There is no private property when you are floating.


----------



## Sciotodarby (Jul 27, 2013)

streamstalker said:


> There is no private property when you are floating.


True. But there is once you get out of the watercraft.


----------



## dre (Aug 14, 2009)

Well then that would be wading...whole different subject..



Sciotodarby said:


> True. But there is once you get out of the watercraft.


----------



## 1basshunter (Mar 27, 2011)

Sciotodarby said:


> True. But there is once you get out of the watercraft.


 Man, give it a rest!!! this is not your thread .


----------



## Sciotodarby (Jul 27, 2013)

1basshunter said:


> Man, give it a rest!!! this is not your thread .


I don't want it to be. My original statement was sincere and something I was just pointing out to the OP.


----------



## 1basshunter (Mar 27, 2011)

Sciotodarby said:


> I don't want it to be. My original statement was sincere and something I was just pointing out to the OP.

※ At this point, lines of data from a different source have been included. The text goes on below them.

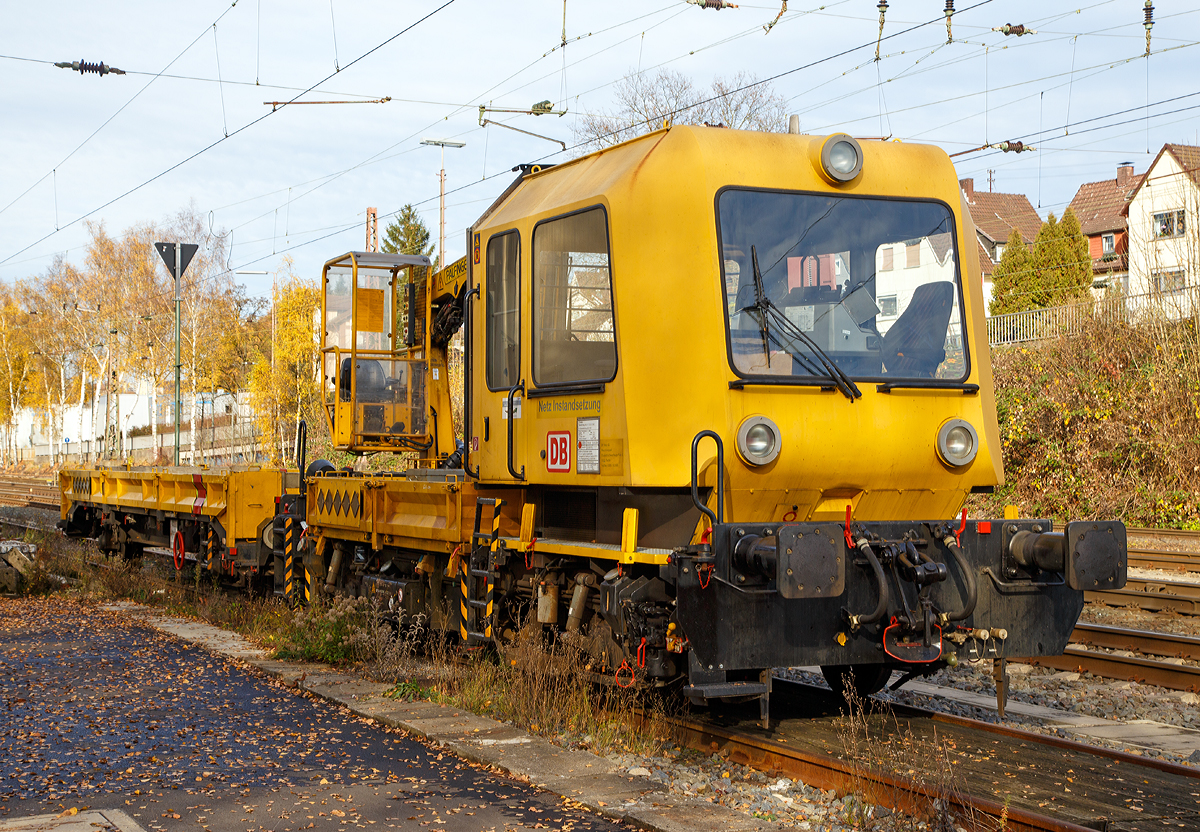 
Gleisarbeitsfahrzeug GAF 100 R (Schweres Nebenfahrzeug Nr. 97 17 50 011 18-3) mit Gleiskraftwagenanhänger H27 (Schweres Nebenfahrzeug Nr. 35.1.081) beide von der DB Netz AG, abgestellt am 08.11.2015 in Kreuztal.

Das GAF 100 R wurde 1996 von GBM (Gleisbaumechanik Brandenburg/H. GmbH) unter der Fabriknummer 52.1.124 gebaut, es hat die EBA Nummer EBA 96 P01 N023

Technische Daten GAF:
Achsfolge: B
Länge über Puffer: 9.100 mm
Achsabstand: 4.800 mm
Höchstgeschwindigkeit: 100 km/h
Eigengewicht: 16 t
Zul. Anhängelast: 40 t / (80 t mit Regelzugeinrichtung dann Hg 60 km/h)
Nutzlast : 5,0 t
Zur Mitfahrt zugel. Personen: 7
Der Antrieb des zweiachsigen Fahrzeuges erfolgt von einem 6 Zylinder, wassergekühlten MAN D 0826 LOH 07 Dieselmotor mit 169 kW (230 PS) Leistung über Lastschaltwendegetriebe auf die Radsatzgetriebe.

Technische Daten Gleiskraftwagenanhänger:
Achsanzahl: 2
Achsabstand: 6.000 mm
Länge über Puffer: 9.750 mm
Höchstgeschwindigkeit: 100 km/h (vorgestellt 80 km/h)
Eigengewicht: 9,3 t
Zul. Anhängelast: 40 t
Nutzlast : 25,0 t
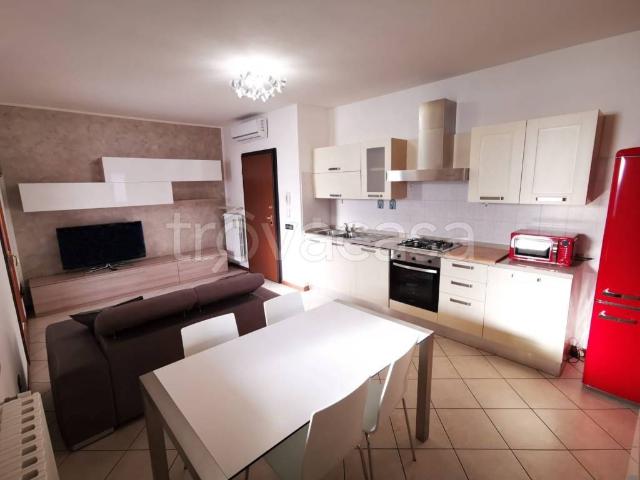Appartamento in affitto a Curtatone via Grecia, arredato, box, terrazzo TrovaCasa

 ( I don't want it to be.) But you are, start your own thread . I'm not trying to give you a hard time but let the man get this help with out all the BS.


----------



## StuckAtHome (Apr 29, 2004)

Best kayak anchor for moving water is rubber coated dumbbell, two pounds is all you need.but more important in moving water is what you tie the rope to, you want a cleat that you can release in a heart beat. The Coosa has neat feature with the drag chain, you can slow down and still point downstream, when I tube fish it's the bomb.

Sent from my SCH-I605 using Ohub Campfire mobile app


----------



## kayakmac (Aug 4, 2013)

I have an old town vapor which is kind of a kaynoe, it has a very large cockpit which is nice for fishing, 10 foot is kind of a good compromise for length, 44 pounds is easy enough to handle by yourself. It does not maneuver that well but tracks very well, good for fishing but you have to man handle it thru curves on the river. If you know the basic paddle strokes and back paddle to change directions you will do fine. You need to avoid strainers when the water is up or anytime for that matter! If you have ever white water rafted they will tell you to lean into the rock or obstruction, the tendency is to lean away from it and you then do a nice slow roll and capsize! A nice place to secure your paddle while fishing is nice! I grab my paddle with one hand in the middle while holding my fishing pole and use back paddles and forward paddles to position myself. I have two rod holders one for a net and the other with my second favorite lure for that day on it. The other pole is is in the cockpit with me! My two cents, hope it helps!


----------



## geoffoquinn (Oct 2, 2011)

my 2 pennies.

Anchors are nice sometimes when the wind is going and the water is choppy but I'd rather not pack the extra gear.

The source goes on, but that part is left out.